Eric Ham is based in Washington, D.C. and is a political analyst for CTV News. He’s a bestselling author and former congressional staffer in the U.S. Congress and writes for CTVNews.ca.
What a difference a year makes.
A look back to 2024 and Prime Minister Mark Carney referred to China as “the biggest security threat” facing Canada. Fast-forward to 2026 and Ottawa is now hailing a new trade deal cemented with Beijing.
In that same year, Canada was joined at the hip with its biggest trading partner, the United States. The allied nations were levying tariffs on Chinese electric vehicles, accusing Beijing of flooding the market and undermining other nations’ ability to compete.

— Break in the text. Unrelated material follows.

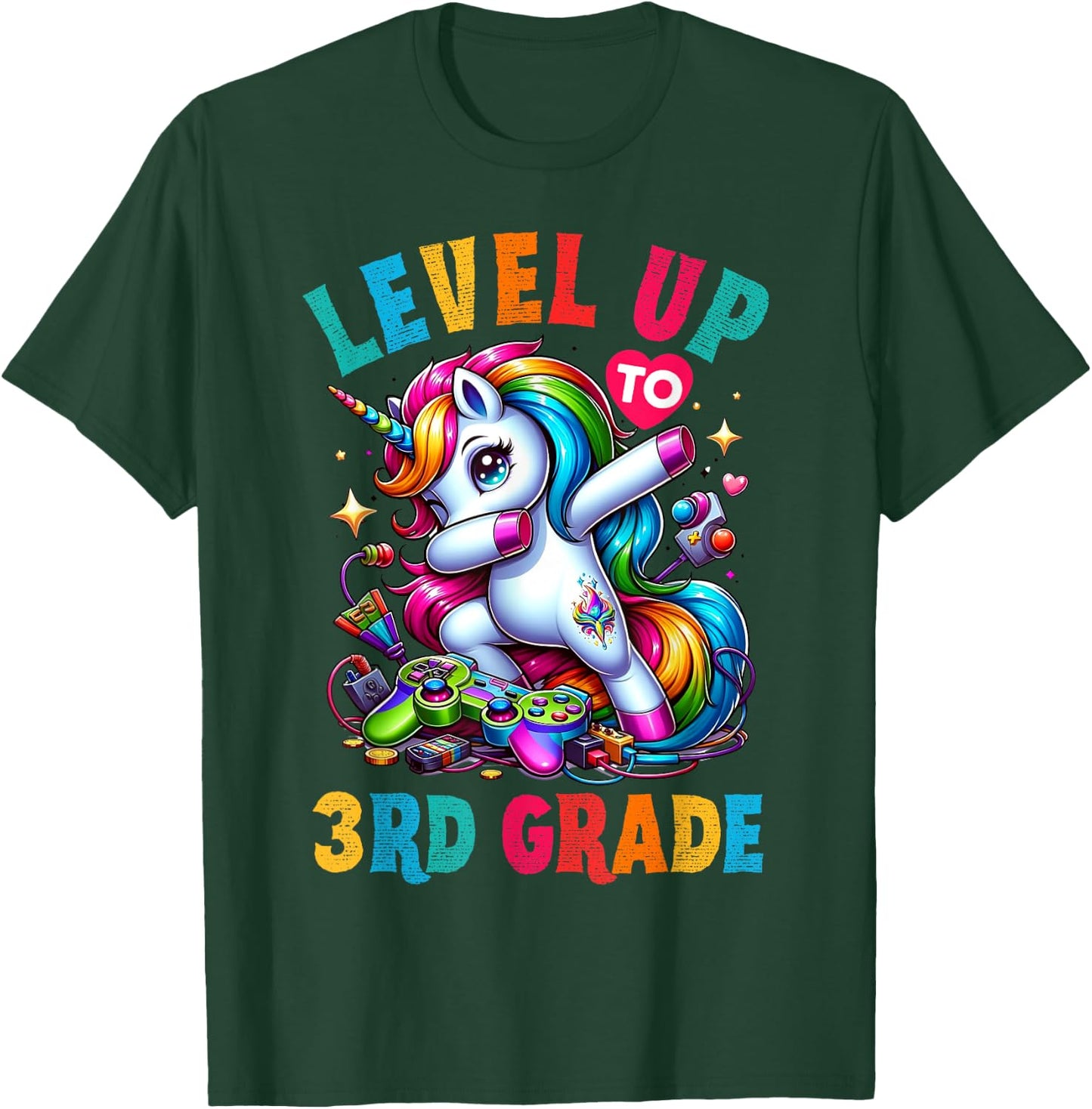 Unicorn video games back to School 3rd grade Girls Level up T-Shirt - T-Shirt | Forest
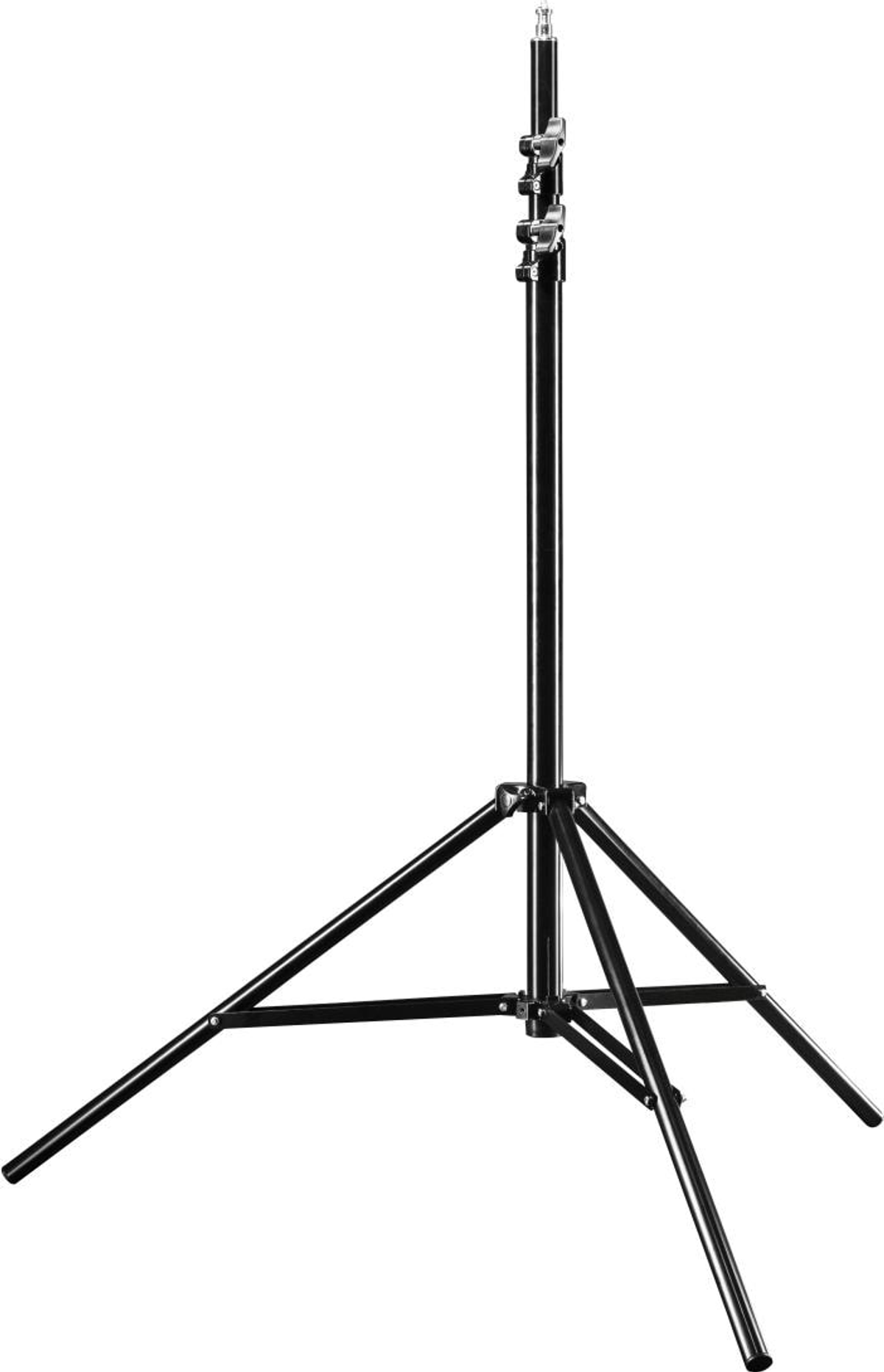 Una base di supporto luce nera con tre gambe aperte e un palo verticale.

Fast forward and the prime minister is singing a completely different tune. Gone are the days of the two neighbours collaborating to break China’s stranglehold in the automotive sector. Now, Carney is proclaiming Canada’s relationship with China is “more predictable” than its relationship with the U.S. under the Trump administration.
Moreover, Ottawa is “recalibrating” its relationship with China, “strategically, pragmatically, and decisively.” Welcome news perhaps to Canadians outside Ontario’s lucrative automotive sector, yet the reviews inside the Trump administration are decidedly mixed and could impact future negotiations surrounding CUSMA.
Trump’s mixed signals
Prior to the announcement of the breakthrough trade pact between Carney and Prime Minister Xi Jinping, President Trump offered his most stinging assessment to date of the trade relations between the U.S. and Canada.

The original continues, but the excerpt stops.